[Records for processing]

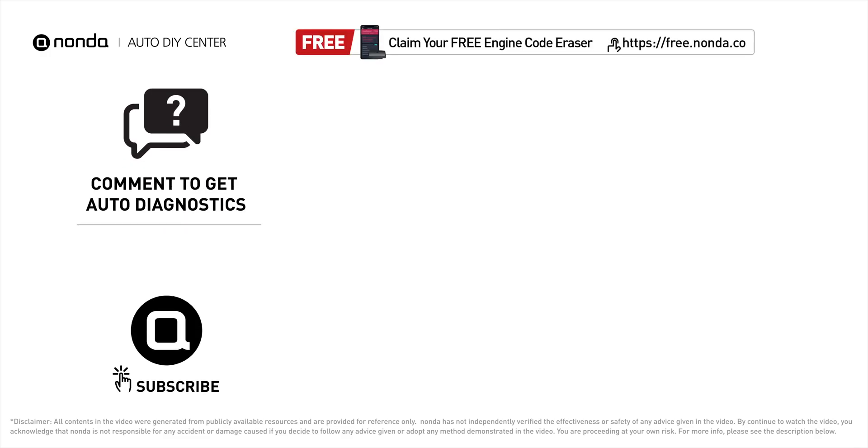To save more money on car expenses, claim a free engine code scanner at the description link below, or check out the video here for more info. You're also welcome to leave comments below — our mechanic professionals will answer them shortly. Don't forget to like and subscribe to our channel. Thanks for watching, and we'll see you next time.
* * *
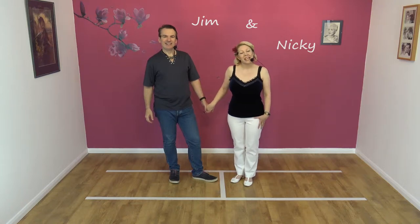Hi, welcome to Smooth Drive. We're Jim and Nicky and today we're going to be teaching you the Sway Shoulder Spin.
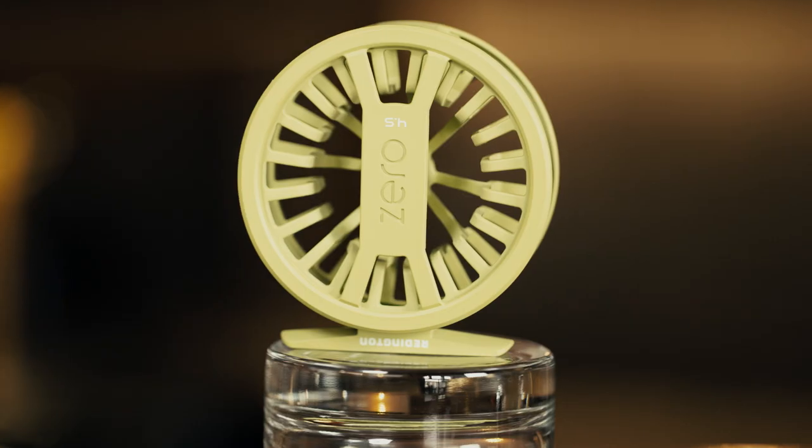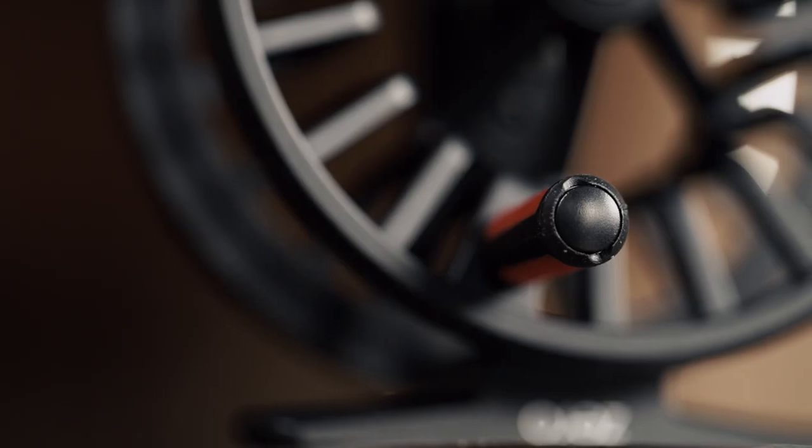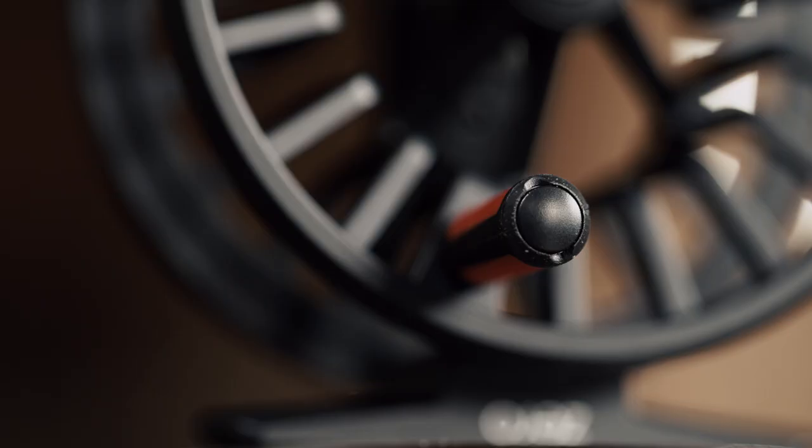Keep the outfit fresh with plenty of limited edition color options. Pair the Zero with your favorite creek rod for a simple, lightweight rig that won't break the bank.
---
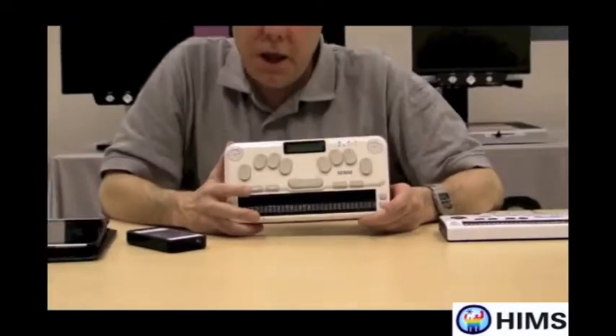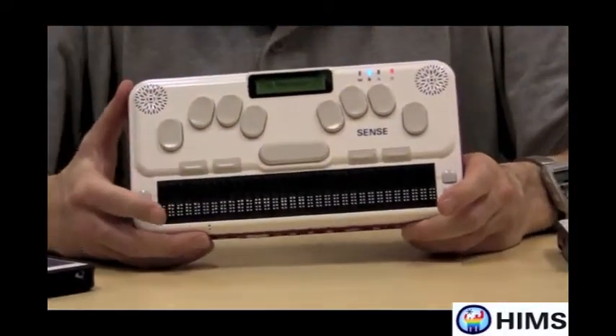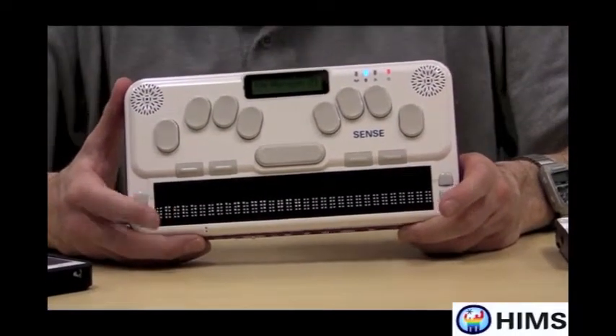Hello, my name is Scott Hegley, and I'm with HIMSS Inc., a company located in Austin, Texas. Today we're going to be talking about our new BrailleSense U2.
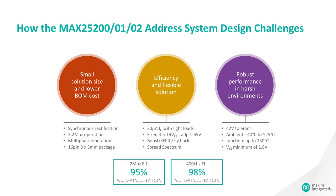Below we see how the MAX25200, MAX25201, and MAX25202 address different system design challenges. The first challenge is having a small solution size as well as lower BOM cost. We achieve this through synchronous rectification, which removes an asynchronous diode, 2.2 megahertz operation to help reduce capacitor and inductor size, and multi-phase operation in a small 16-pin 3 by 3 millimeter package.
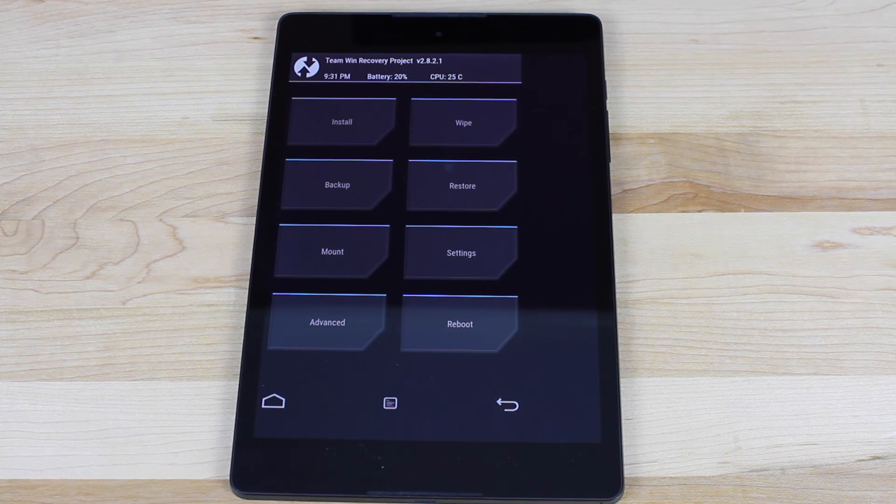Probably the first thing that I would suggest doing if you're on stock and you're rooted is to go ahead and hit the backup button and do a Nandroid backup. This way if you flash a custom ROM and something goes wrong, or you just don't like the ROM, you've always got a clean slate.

[Problem details]
Leaving each picture behind, please give again exactly the lines above from the one with "Hello, my name" through the one with "Probably the first", both included, and no others.

[Result for this task]
Hello, my name is Scott Hegley, and I'm with HIMSS Inc., a company located in Austin, Texas. Today we're going to be talking about our new BrailleSense U2.
Below we see how the MAX25200, MAX25201, and MAX25202 address different system design challenges. The first challenge is having a small solution size as well as lower BOM cost. We achieve this through synchronous rectification, which removes an asynchronous diode, 2.2 megahertz operation to help reduce capacitor and inductor size, and multi-phase operation in a small 16-pin 3 by 3 millimeter package.
Probably the first thing that I would suggest doing if you're on stock and you're rooted is to go ahead and hit the backup button and do a Nandroid backup. This way if you flash a custom ROM and something goes wrong, or you just don't like the ROM, you've always got a clean slate.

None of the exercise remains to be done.